Récit d’avenir : la science-fiction à l’épreuve du réel

En écrivant sur le cycle de Fondation, monument de la science-fiction, j’y voyais le récit d’un avenir possible de l’humanité. Je ne vais pas m’étendre sur cette oeuvre phare d’Isaac Asimov, tu pourras aller lire l’article. Je retiendrai seulement trois points précis. Asimov imaginait un futur très largement axé sur la high-tech, l’homme y régnant en maître de la galaxie. Et bien sûr, l’exploration spatiale y serait banale. Toutefois, un petit détail interroge le lecteur aujourd’hui. Dans ce vaste univers aux millions de mondes, on ne trouve pas d’autre espèce dominante que l’homme.
Aujourd’hui, l’anthropocentrisme de Fondation saute aux yeux. Dans La Guerre des Mondes, H.G. Wells avait d’ores et déjà envisagé la possibilité qu’il existe d’autres espèces que l’homme dans l’univers. Ce qu’avançait Wells, c’était aussi le fait que ces formes de vies pouvaient être radicalement différentes de la nôtre. Aussi visionnaire que fût Asimov, nous devons garder à l’esprit que personne ne sait à quoi ressemblera l’avenir.
Quoi qu’on puisse dire de ce monument de la science-fiction, cela reste un récit d’avenir parmi d’autres. Avant lui, il existait déjà plusieurs romans d’anticipation. Certains étaient plus ou moins dystopiques (Le Meilleur des Mondes, d’Aldous Huxley, 1984, de George Orwell…). L’avenir possible décrit par certains romans étaient étaient même franchement effrayants.
Le récit d’avenir : un équilibre entre grandeur et décadence
Les récits d’anticipation ont fleuri dans les années 50, en pleine Guerre Froide, ce qui n’a rien de surprenant. L’humanité ressortait traumatisée de la Seconde Guerre Mondiale et son cortège d’atrocités. Les camps de concentration, la bombe atomique avaient largement écorné le mythe de la science salut de l’humanité.

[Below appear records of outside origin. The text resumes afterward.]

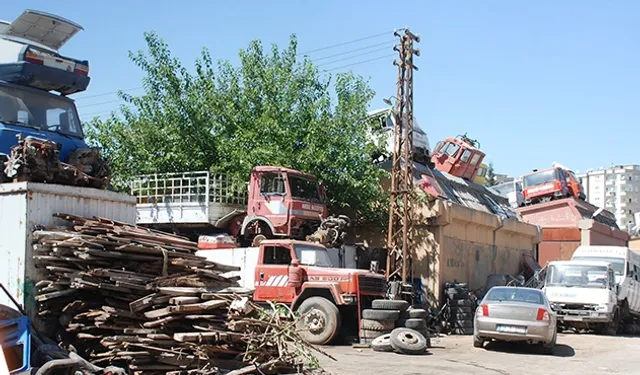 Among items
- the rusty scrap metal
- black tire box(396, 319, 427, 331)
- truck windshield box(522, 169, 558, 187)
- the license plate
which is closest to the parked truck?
the license plate

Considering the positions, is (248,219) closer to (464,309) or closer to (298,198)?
(298,198)

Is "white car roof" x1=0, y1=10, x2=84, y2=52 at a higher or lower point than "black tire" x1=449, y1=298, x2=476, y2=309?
higher

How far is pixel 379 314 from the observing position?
15766 millimetres

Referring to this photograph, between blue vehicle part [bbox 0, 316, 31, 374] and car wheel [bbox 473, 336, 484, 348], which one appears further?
car wheel [bbox 473, 336, 484, 348]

Et pourtant, la guerre a aussi occasionné des innovations technologiques aux répercussions positives. Qui, par exemple, regretterait l’invention de la pénicilline aujourd’hui ?
Il en ressort un rapport pour le moins ambivalent à la technologie. Si elle construit à la fois le progrès de l’humanité, elle peut aussi la conduire à sa perte. Au cours des années 50, l’humanité a traversé un âge de prospérité économique comme elle n’en avait jamais connue auparavant. En parallèle, le début de la guerre froide marque le développement d’un armement nucléaire. Celui-ci, capable d’anéantir plusieurs fois l’humanité, laisse planer la possible apocalypse.
Post-apocalyptique : après la catastrophe, reconquérir un avenir volé
Dans les années 50-60, on envisageait la destruction de l’humanité. Docteur Folamour (Dr Strangelove, Stanley Kubrick, 1964) envisage un point final pour l’espèce humaine. Mais on troue aussi des films qui évoquent le monde après le désastre. J’en citerai deux : Le Monde, la Chair et le Diable (The World, the Flesh and the Devil, Ranald MacDougall, 1959) et La Jetée (Chris Marker, 1966). Le premier montre les affrontements entre les survivants. Le second présente un monde pénitentiaire dans lequel s’est réfugiée l’humanité.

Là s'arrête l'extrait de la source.